2020-02-25 Thread viverna

il devuanizzato al3xu5 / dotcommon  il 25-02-20 
16:29:58 ha scritto:

Hi all

I am using Devuan (2.1) + MATE DE since 08/2016...
Now I wish to change DE but I am in doubt: XFCE or LXDE or LXQt???
LXDE is ancestor of LXQt. However is a wonderful DE mostly with openbox 
combination. Openbox is great even alone.

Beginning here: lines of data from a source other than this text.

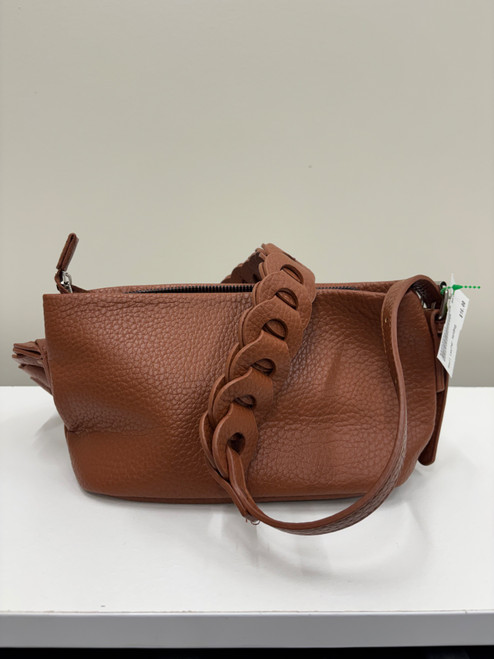 Vist Large View of Product Image Which is Used Unbranded Small Leather Handbag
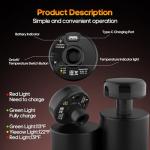 AERLANG Heated Massage Gun for Relaxation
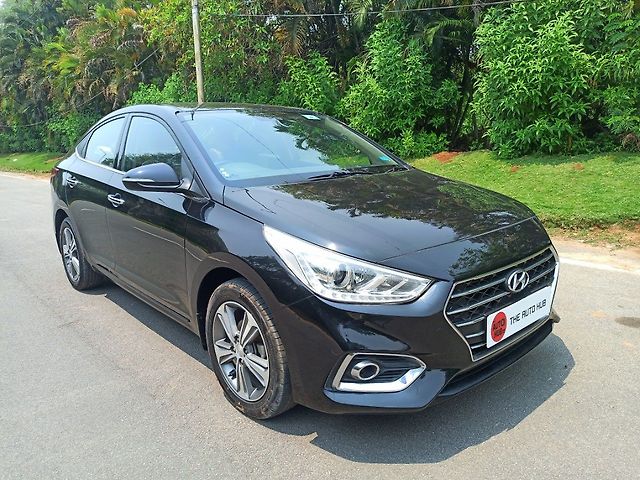 Used Hyundai Verna [2011-2015] Fluidic 1.6 VTVT SX Opt AT in Hyderabad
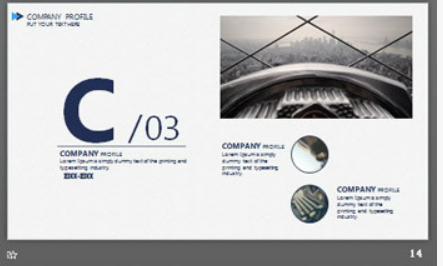 超炫酷星球背景欧美科技PPT模板3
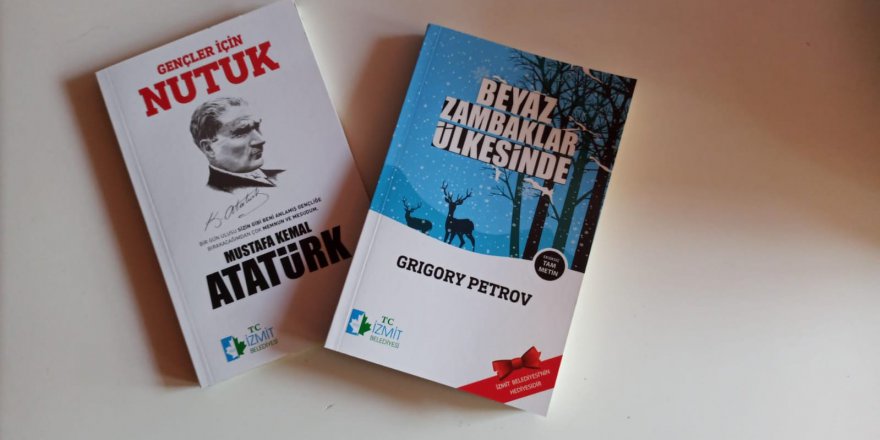 İzmit Belediyesi'nden  çocuklara Nutuk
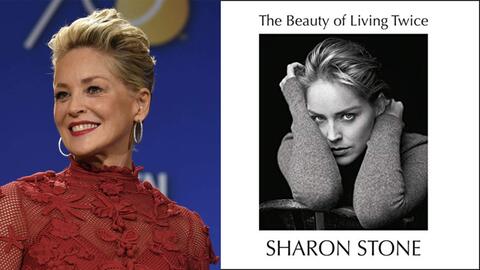 صدور مذكرات الممثلة الأمريكية شارون ستون بعنوان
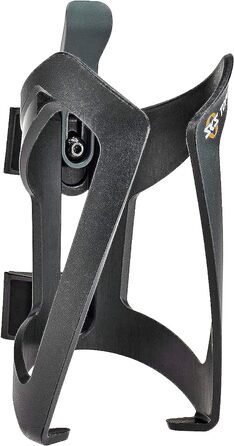 Фляготримач SKS GERMANY ANYWHERE TOPCAGE та м'яка велосипедна пляшка SIGG Pulsar, чорна, комплект для велосипеда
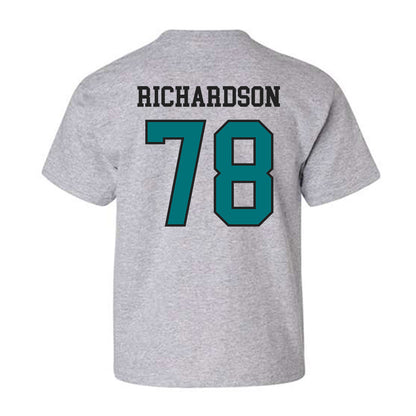 Coastal Carolina - NCAA Football : Daughtry Richardson - Classic Fashion Shersey Youth T-Shirt-1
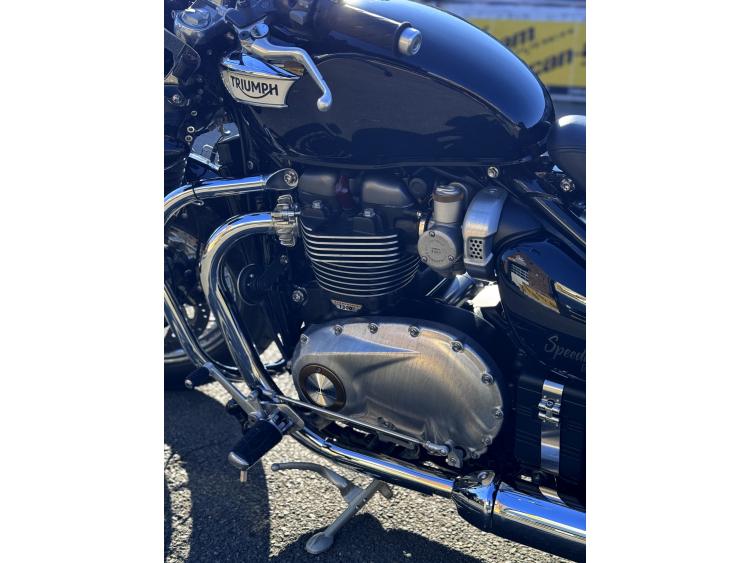 TRIUMPH BONNEVILLE SPEEDMASTER 1200 HIGHWAY T120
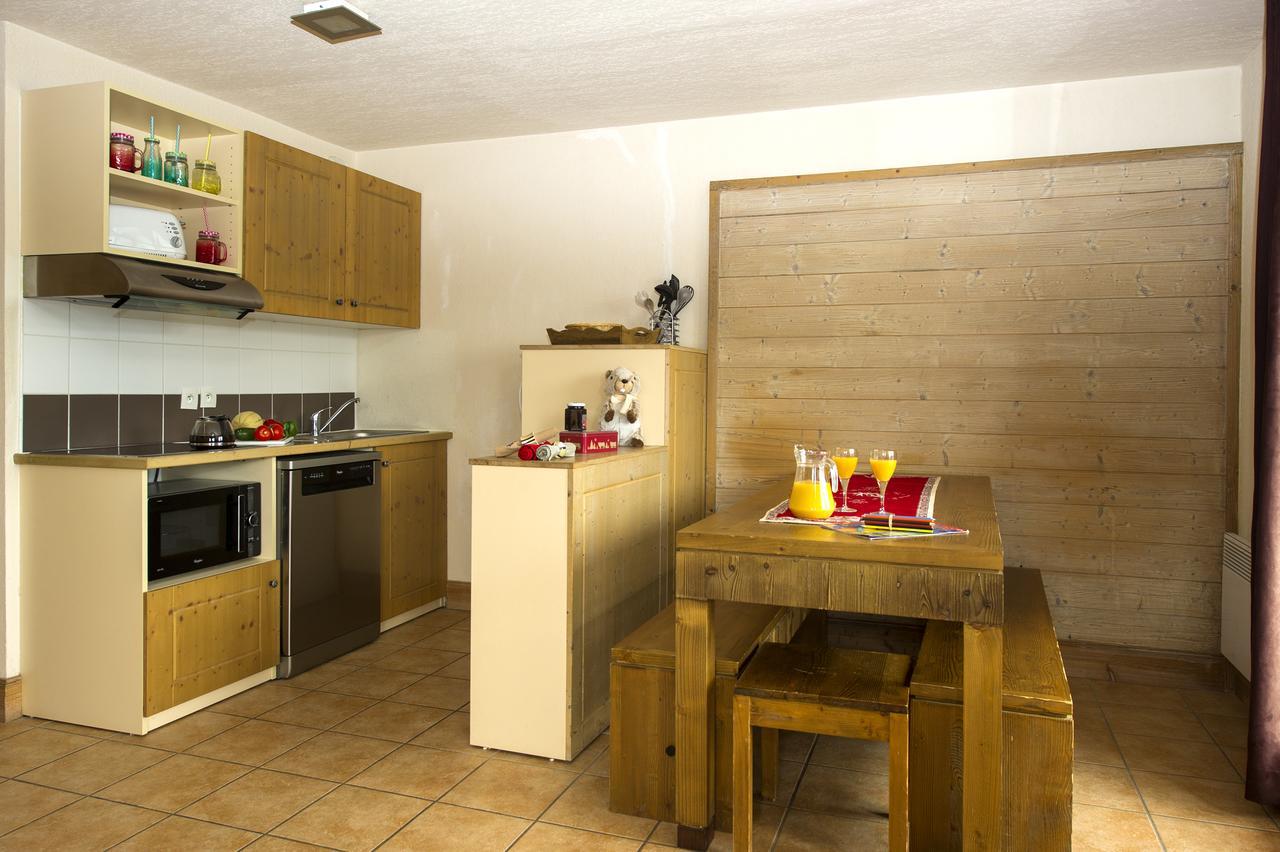 Residence Goelia Les Chalets De Wengen La Plagne Dış mekan fotoğraf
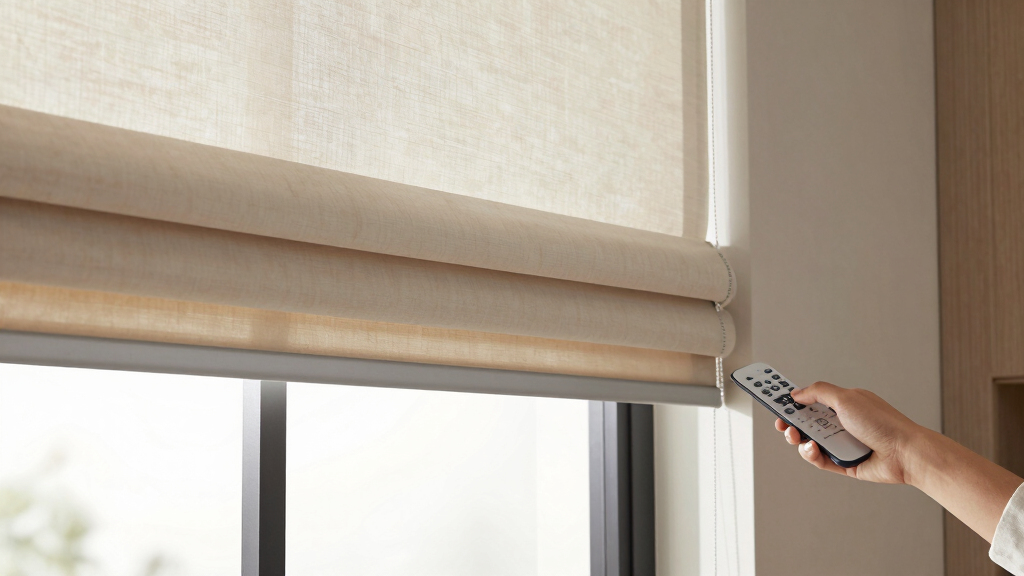 best motorized roller shades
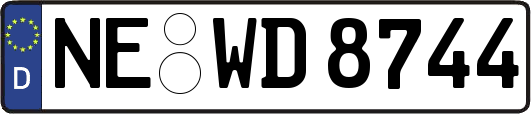 NE-WD8744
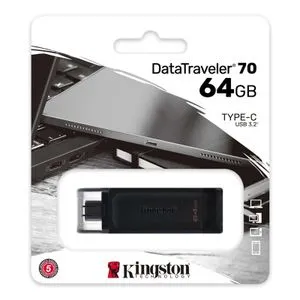 Kingston usb fleš Data Traveler 70 64GB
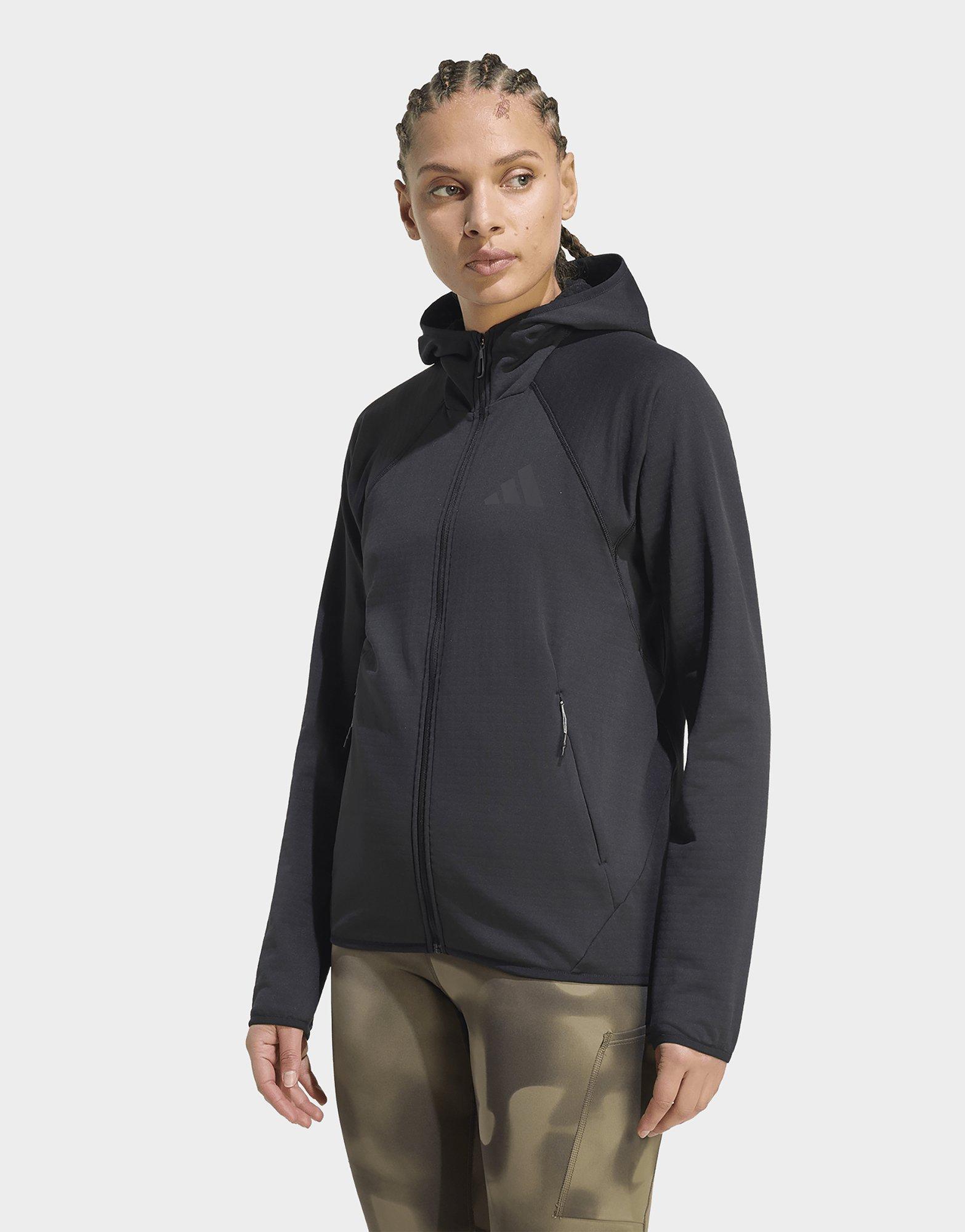 adidas Giacca Con Cappuccio Terrex Xperior Climawarm+ Ventknit Fleece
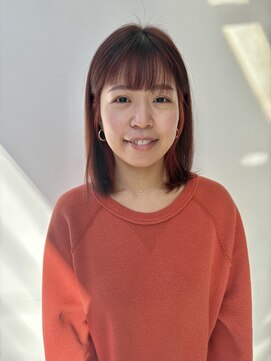 Folklore【フォークロア】翠町支店 《髪質改善サロン》 ちらっと可愛いインナーカラー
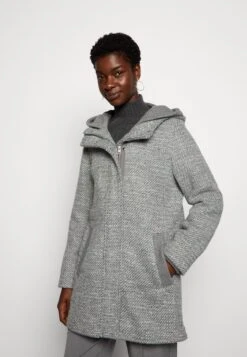 ESPRIT Coat - Halflange Jas - Light Grey 9 ESPRIT Coat - Halflange Jas - Light Grey -Esprit 538e6b6a106e4c63b43eeae19e720293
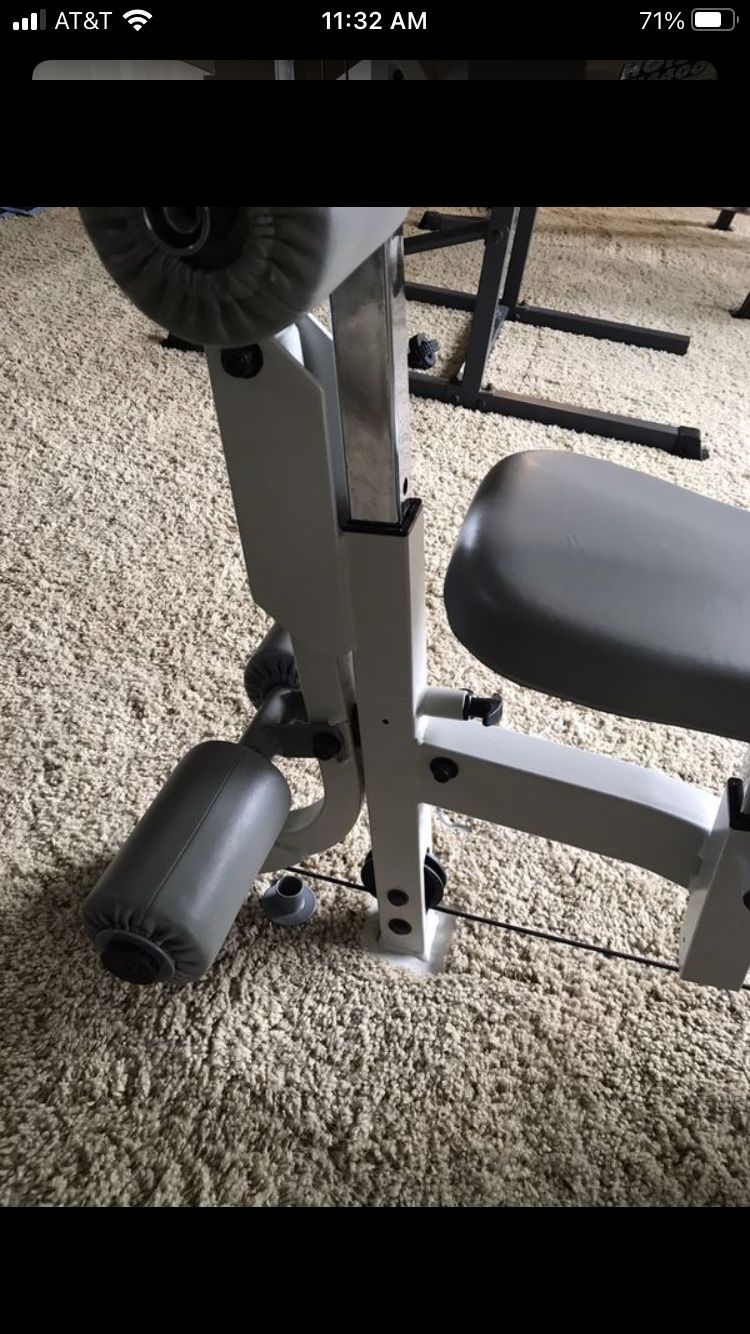 Hoist Commercial Grade Gym With Weights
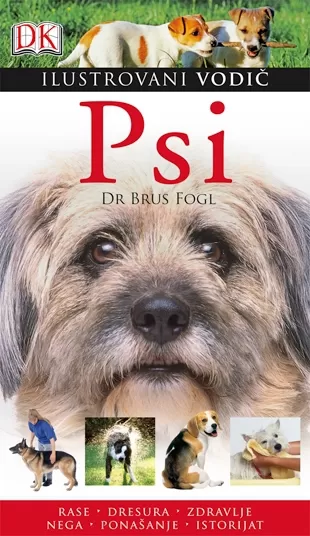 psi ilustrovani vodič brus fogl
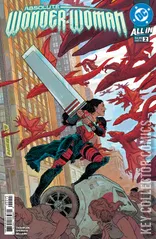 Variant Cover for Absolute Wonder Woman #2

Please, based on your experience and knowledge of Devuan and DEs, can
you help me in choosing (avoiding me to invest too much time doing long
experiments)?
I would install in your place all WM/DE that I would try. Then remove 
all graphical login manager and use WM/DE launcher (ax) available here:


https://notabug.org/viverna/ax


So what you suggest should be the first choice to bet on?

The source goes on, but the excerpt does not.